June crossed her arms, glaring at him. "I don't intend to let his sacrifice go to waste. Are you coming or not? I've had enough of this world."
And Jayne could understand that. He had the meds for his little brother, who was getting weaker and could barely breathe from the damp lung, and couldn't get there too soon. This world was a mess and looking to get worse, if it didn't tear itself apart altogether. And an Alliance military craft, with missiles and guns, that was traveling in style.
But Lena was twitchy, and was reaching for her sidearm. And something about this just wasn't feeling right. "Can't land an ASREV on a Firefly," he answered bluntly. "Got some important deliveries to make or some people I know're gonna die." Then he knew. "And seein' as how you called the alarm down on Mal, I don't expect I'd survive the experience. I got a powerful fondness for livin'."
They stared at him, Iris looking scared and upset, then June shrugged, tossing her blonde hair over her shoulder. "That's a shame." Her sister Lena drew her carbine and trained it on him, and she copied the motion. June shook her head at him. "I'm just glad your captain is the one who took the bait. Now that they've found him they won't be looking for us." Her eyes flashed at him. "But that's only true as long as there's no witnesses left to turn us in."
Jayne grumbled and put his hands up. "An' what if I were to say I wouldn't?"
"I don't trust you," June snapped, something brittle and painful in her voice. "It doesn't matter either way, because I can't take that risk." He'd been threatened by many a desperate type before, but they'd never looked so small and broken to him before. "You don't know what it's like, what they did to us. An Alliance marshall turned slaver. We won't go to jail for this. We won't go back to the slavers. We're going far away, and they won't hold us down ever again."
Well, that was wishful thinking if he ever heard it. "Ain't gonna work," he said.
The anger was back. "Why not?" she snarled.
The explosion rocked them, but then a few bombs mixed with a squadron of fueled up and fully armed gunships would do that. Or, a squadron of fueled up and fully armed molten scrap. The fire worked it's way down the row along the fuel lines, and there were already people running towards the crisis from the canvas tents, shouting and hollering. Jayne hadn't exactly planned on going back to Serenity and being blown out of the sky when they took off either.
The girls startled at the distraction, taking their eyes off him, and that was all it took.

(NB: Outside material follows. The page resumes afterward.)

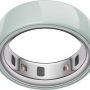 Oura - Ring 4 Ceramic - Smart Ring - Size Before You Buy with OR4 Sizing Kit - Size 15 - Tide - (2025) - Image 1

He revved up the anti-grav generators and left them in a cloud of dust.
- - - - -
She'd stood over broken battlefields and among desolation before, even said goodbye to her husband in a lilac coloured wasteland. The night wind gusted around them as the stolen military skiff pulled up to the chapel, where Zoë was waiting with Simon, stoic by the mule. The doc had insisted he come, that he administer and distribute the miracle cure himself both as a moral obligation and to test the efficacy and look for side effects before trying it on Inara.
Jayne exited the driver's side, alone, climbed down the side of the transport to rummage through the cabin. The subdued merc dragged his feet over to them, passed the box of medicine over, then held Mal's rawhide coat and holster out to Zoë. Her fists clenched around the leather.

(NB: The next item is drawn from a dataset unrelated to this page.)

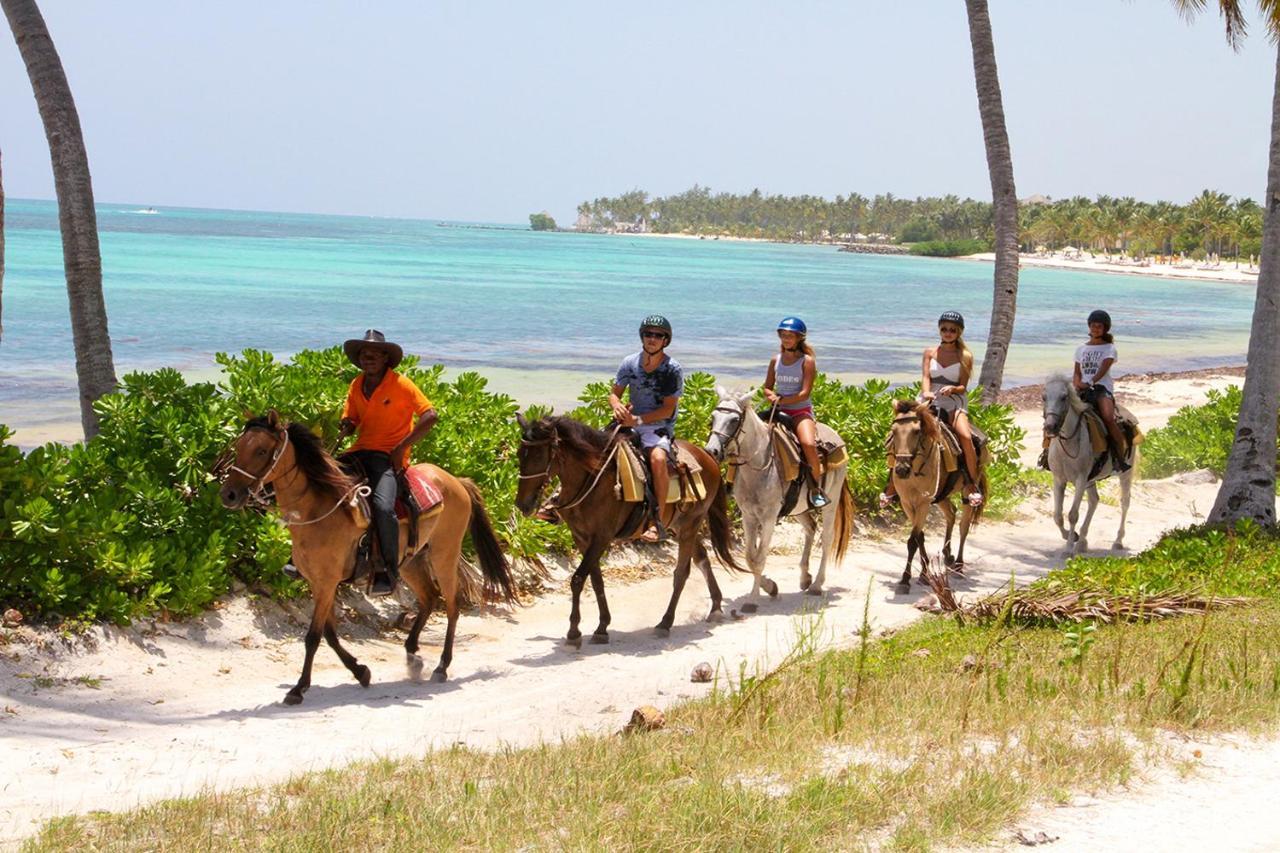 Residencial Mananero Leilighet Cabarete Eksteriør bilde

They were quiet a moment, then followed Simon in as he began seeing to the sick refugees. There was a group of them, separated, some cared for by family and the priests, some with no one, alone. The doctor worked down the line, administering the treatment, explaining and tending. Most were dehydrated after a few days in the dry climate, and would recover, but some, those who had been hit early on in the occupation, they had shakes that would never go away.
Zoë found herself sitting by the littlest patient again, the girl seeming asleep as the medicine worked. An orphan. Zoë held her and wondered how much more the Alliance could take from them.